Menos de una década en el oficio, al que milagrosamente accedí directamente -sin interinaje- de la primera y como el penúltimo de la lista de entonces, estoy en trámites de excedencia mientras trato de resolver un puesto, también docente, en Francia. Desde que empecé en el oficio, los dos destinos laborales que tuve fueron, al cabo, aceptables; los alumnos nada distintos de sus mayores del país y el mundo en el que vivimos: espejos son los chicos de nuestras más íntimas miserias.
Lo peor, con todo, han sido claustros y normas, pedagogos y burocracias, educadores y administraciones. Difícil de imaginar para todo aquel que no lo haya padecido el infinito hartazgo que asuela a cualquiera que penetre en la selva educativa española con la seria, a la vez tan vana e ingenua, tarea de enseñar. No es tiempo de solemnidades. No es tiempo de rigor, ni de esfuerzo, ni de dedicación, ni de trabajo en las aulas, ni de estudio, en suma. No es tiempo de conocimientos, ni de transmisión de un legado, ni de cultivo de la memoria; no es tiempo de libros ni de cultura. No es tiempo de la personal e íntima lucha contra la bestia de la ignorancia; lucha en esencia solitaria y que, al cabo, nos humaniza. Es tiempo de otra cosa.

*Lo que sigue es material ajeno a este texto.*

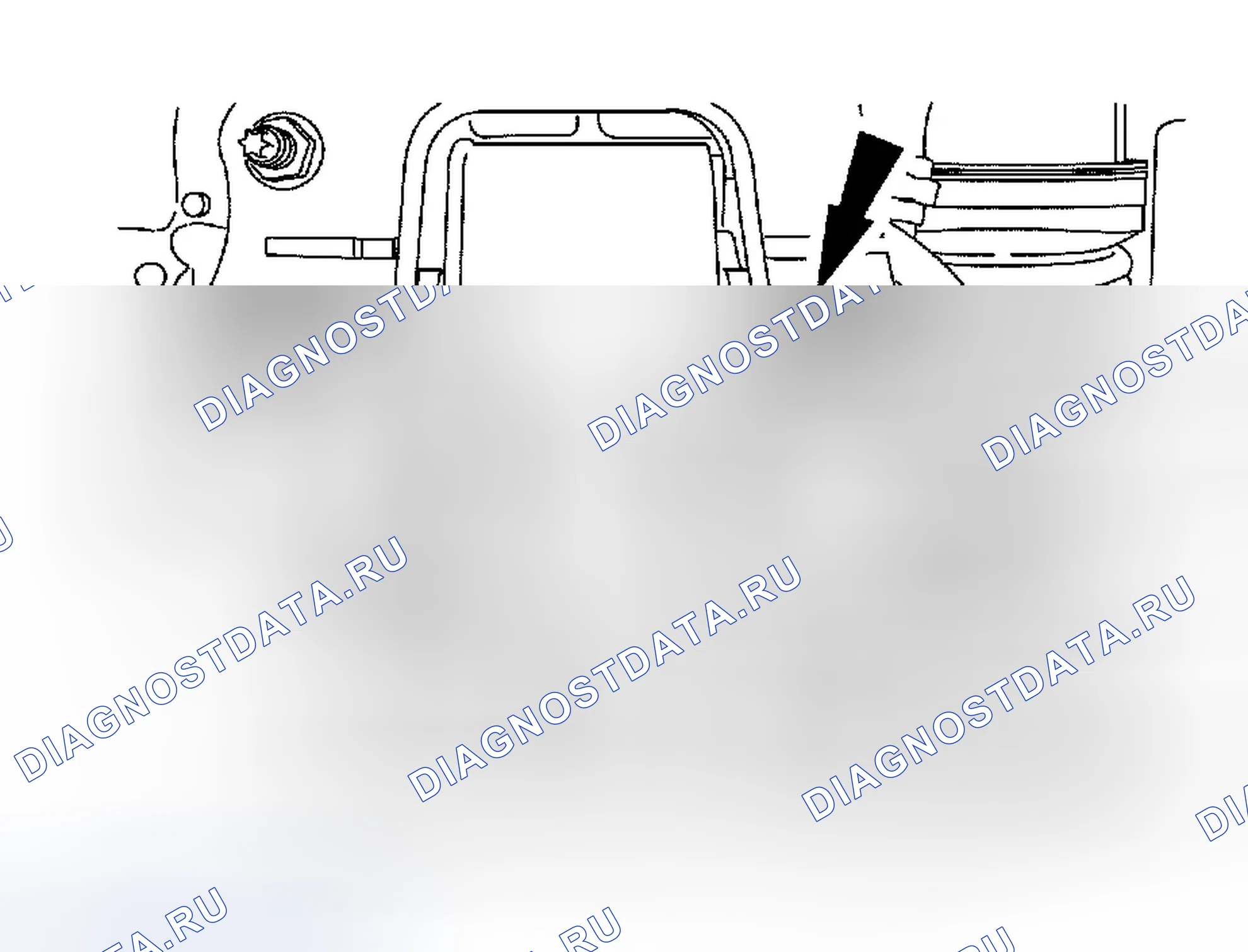 Рис. 104. Ford Escape I рестайлинг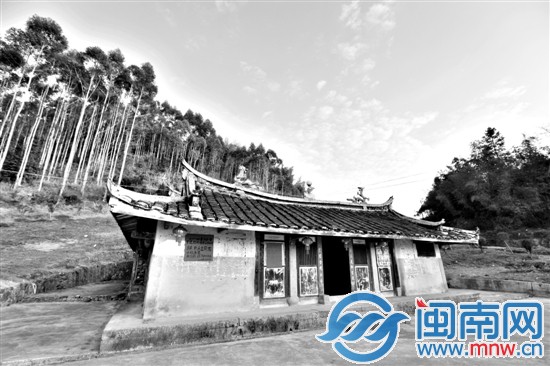 庆安堂现貌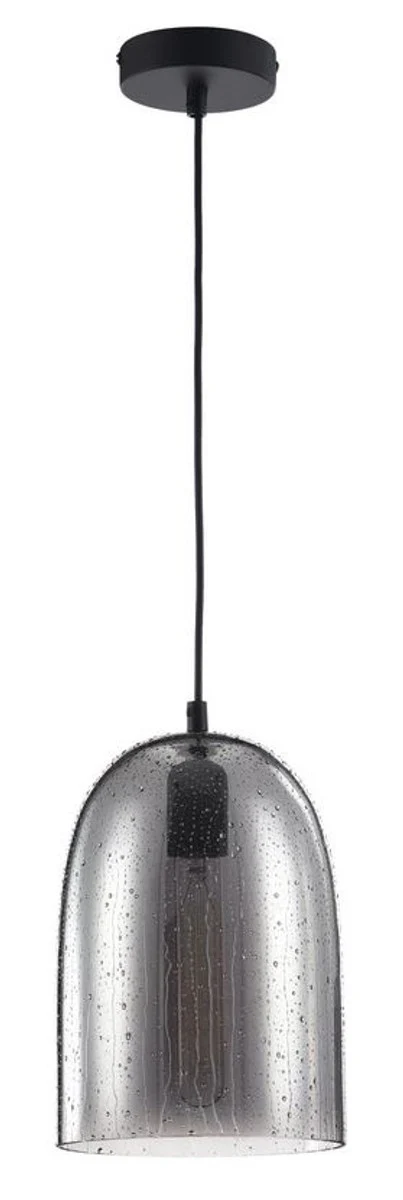 Casa Padrino lámpara colgante / luz colgante con efecto de lluvia Ø 17,5 x H. 25 cm - Luces y Lámparas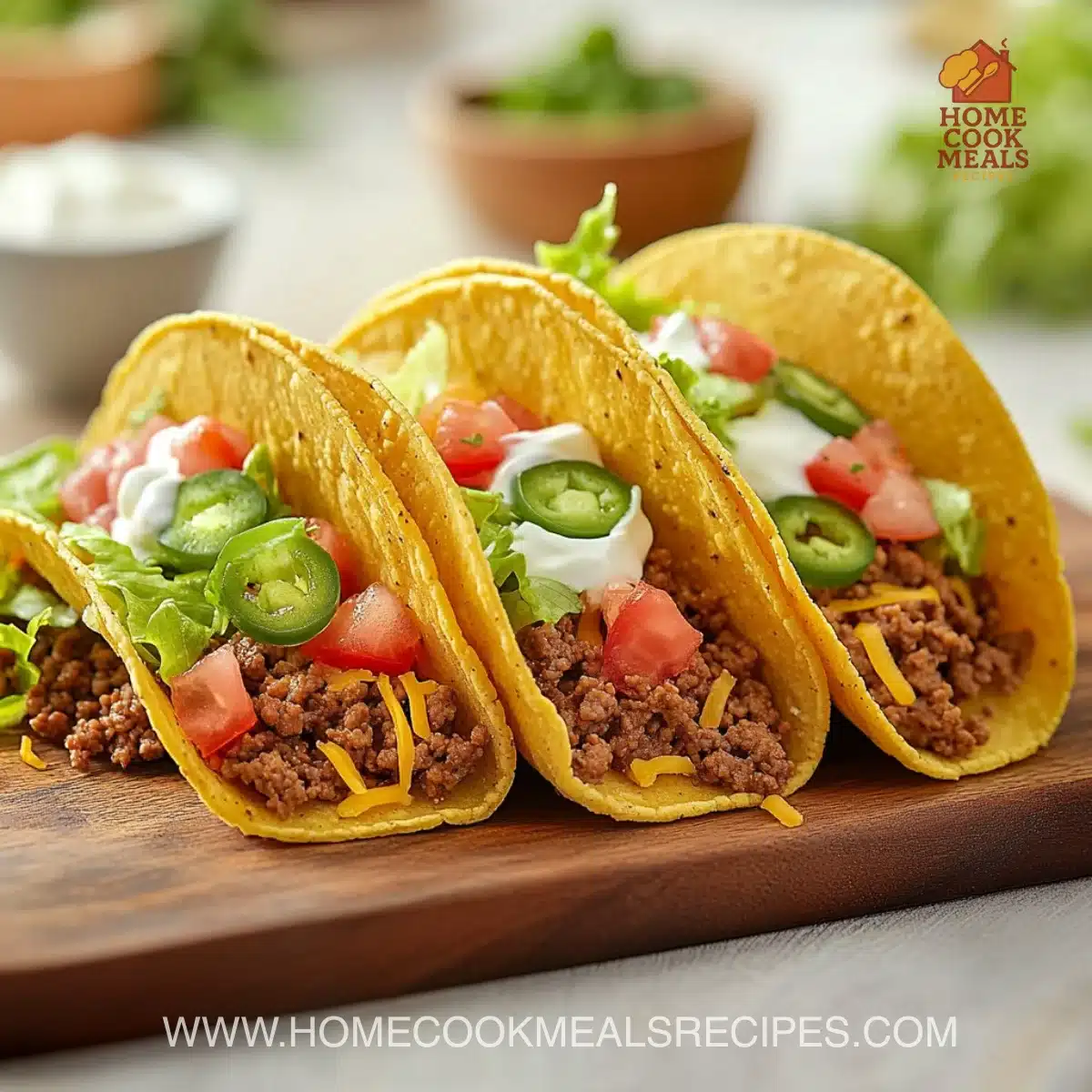 Smash Burger Tacos 5 Smash Burger Tacos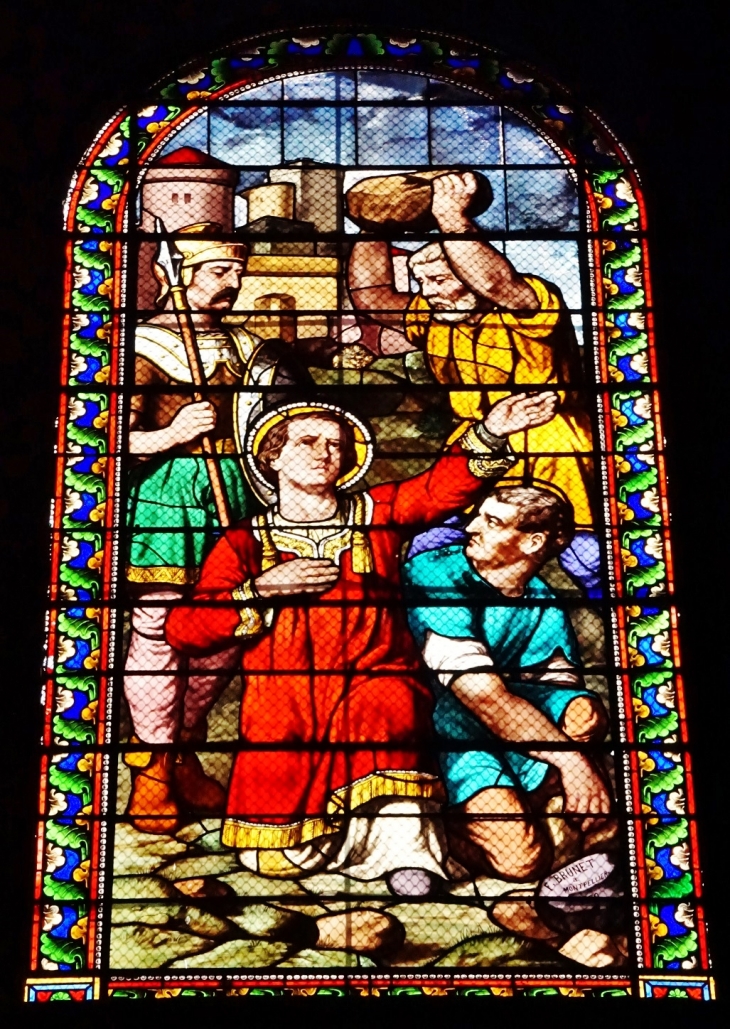 Cathédrale Saint-Etienne - Agde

Tiempo de aprender a aprender, de aprendizajes colaborativos, de inteligencias múltiples, de cultivo de las emociones, de la trascendencia e interioridad, de la espiritualidad laica, de los cacharros electrónicos en el aula, del twitter y el facebook como herramienta docente, de la wikipedia como única custodia del saber, de habilidades y competencias y de una pastosa y hastiante jerga que se anhela mal remedo de la empresarial que todo lo impregna y arruina; tiempo de una ignorancia abrumadora y tan satisfecha que, sinceramente, ha vencido incluso a mi meticulosa displicencia hacia la barbarie de la modernidad educativa. Me voy harto de comisiones absurdas, de reuniones inútiles, de inanes cursos de formación, de cocopas con necios, de criterios de madurez en niños mentales, de constructivismos de la nada, de pedagogías de la ignorancia; de ese tan vano teatro de sombras en el que se difuminan una sociedad y un mundo que perecerán ahitos de su nesciencia.
El salario, al menos para alguien desesperantemente austero como yo, es bueno. Está relativamente bien pagado y el suelo es estable. Hágalo si esas son sus aspiraciones. Yo, gracias al azar, he solucionado tan aburrida cuestión y ahora me voy a otras cosas. Seguiré en la enseñanza, aunque en otros predios más agradables, ajenos, de momento, a tales marañas que aquí nos enredan.
La educación en España, amigo, es insoportable.